第一章 野蛮人的转生

  第一章 野蛮人的转生

  ——妖精历1446年。

  位于阿尔菲多大陆中央的卡尔巴尼亚王国。

  以圣王阿鲁斯为始祖的王家所统治的那个王国的首都、王都卡鲁巴尼亚东北部的沙托斯森林深处,矗立着一名骑士的墓碑。

  然后今晚,从这个森林里,拉开了崭新传说的帷幕——

  「……哈!……哈!……哈!」

  那天,是个暴风雨的夜晚。

  猛烈的风雨卷着漩涡刮来,闪电划破深海般的夜空。

  在被暴风和骤雨所洗礼的树丛间,有一匹马在奔腾着。

  在那匹马的背上,是一位抓着缰绳跨坐着的“少年”。(注释:原文这里就有“ ”。)

  是一位有着如棉花般柔软的金色短发和清澈碧蓝的眼瞳的“少年”。

  大概十五、六岁左右吧。白瓷般细腻的肌肤,娇小纤细的身体,精致端正的相貌、与其说是中性……不如说,有些许女性的气质。

  但是,从中却丝毫感觉不到女孩子气和不可靠。

  凛然的霸气和让对方不由得跪拜的气度,从那名“少年”身上无法掩盖般地渗透出来。

  在华丽的大衣外披着外套,腰间佩有一把细剑。

  这副打扮是卡尔巴尼亚王立妖精骑士学校的学生——从骑士的正装。

  「我……不能……死……!」

  “少年”鞭策着马,拼命地在森林里驰骋着。

  「要把他……要把他、赶紧叫出来……!」

  被焦躁的火炙烤着的心中浮现的,是他——一位骑士的传说。

  人称,《野蛮人》希德卿。

  他被世人传诵的姿态是残暴邪道、冷酷无比。

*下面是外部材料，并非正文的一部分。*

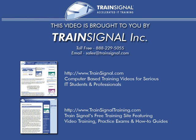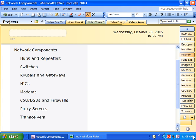This video is brought to you by TrainSignal, your home for IT training products. Welcome to TrainSignal. I'm Chris Bryant, CCIE number 12933, and this is the Network Components video.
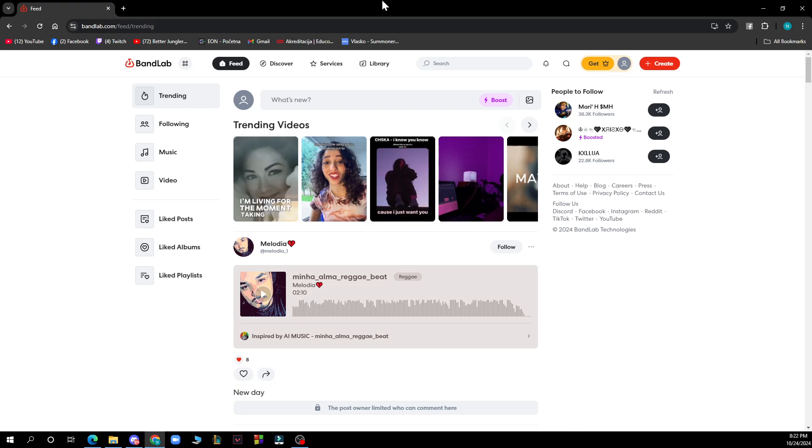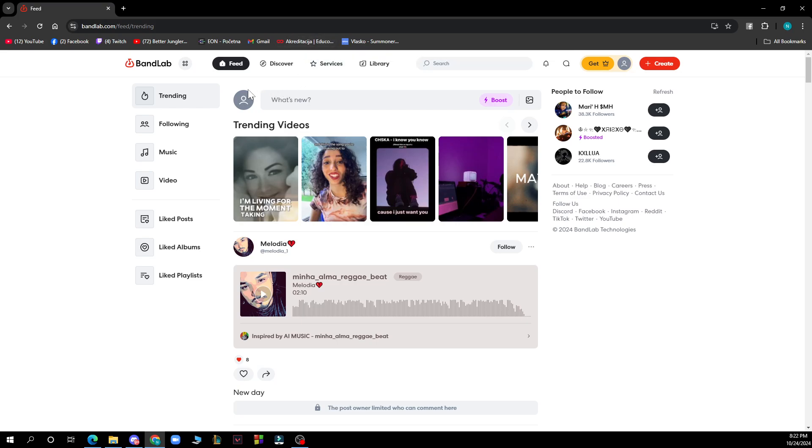the left side of the screen. As you can see, we have the trending, following, music, and video. We also have the liked posts, albums, and playlists. In the top side of the screen we have the feed, discover, services, library, and the search bar. But now guys, let's see how you can actually fix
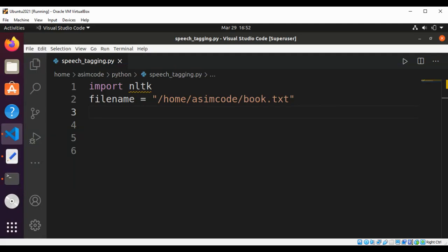Welcome to AsimCode. Please subscribe to my YouTube channel and like my video. In this video we will learn how to use NLTK and spaCy for parts of speech tagging.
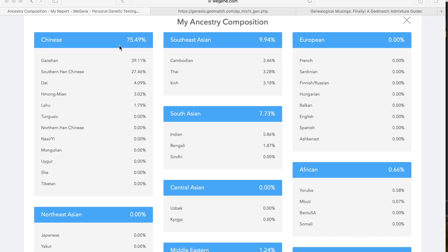I have my WeeGene ancestry composition up. If you haven't looked at my video on my 23andMe versus WeeGene, I'll link it up above. I want to do WeeGene versus my GEDmatch, so just to go over it really quick. For my WeeGene, it is saying that I'm 75.49% Chinese, and out of that I am Gaussian 39.11%, Southern Han Chinese 27.46%, Dai 4.09%.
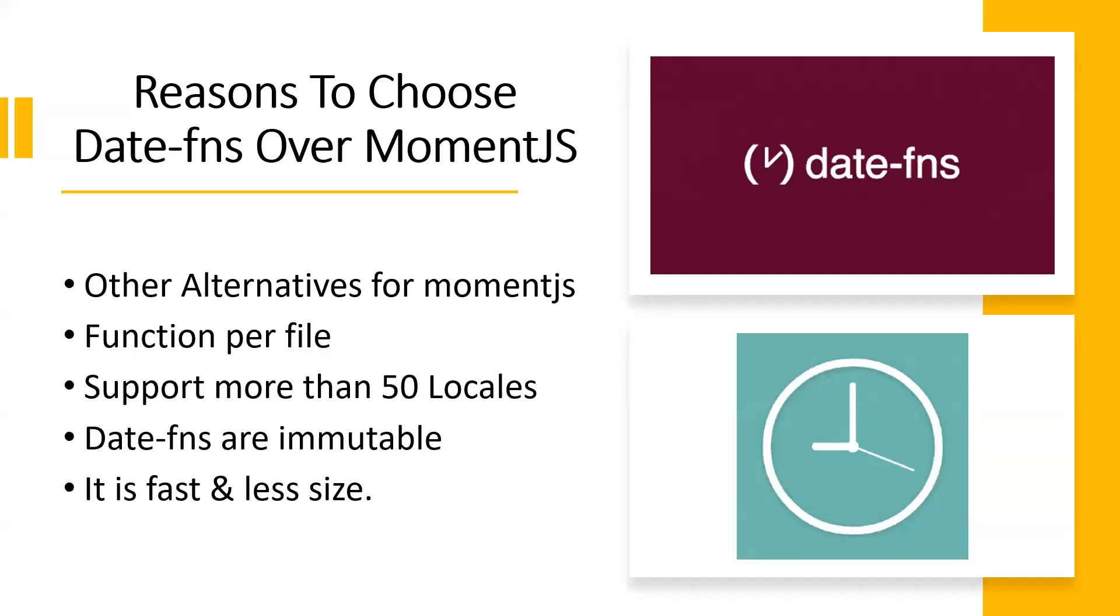Hi all, in this video let's learn about why we are going to choose alternatives for moment.js. Moment.js is the most used JavaScript date and time library, but the moment.js team has said that moment is a legacy project from now and they are stopping their maintenance mode as well.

和骑士道根本沾不上边的骑士。

  但是,“少年”从年幼时就从父亲那里听到的,他的真面目是——

  「…………」

  距离现在的遥远过去,约一千年前的传说时代。

  为了平定因混沌的战乱变成一团乱麻的混沌大陆,防止魔王的侵略,拯救了世界的传说时代最大的英雄王——圣王阿鲁斯。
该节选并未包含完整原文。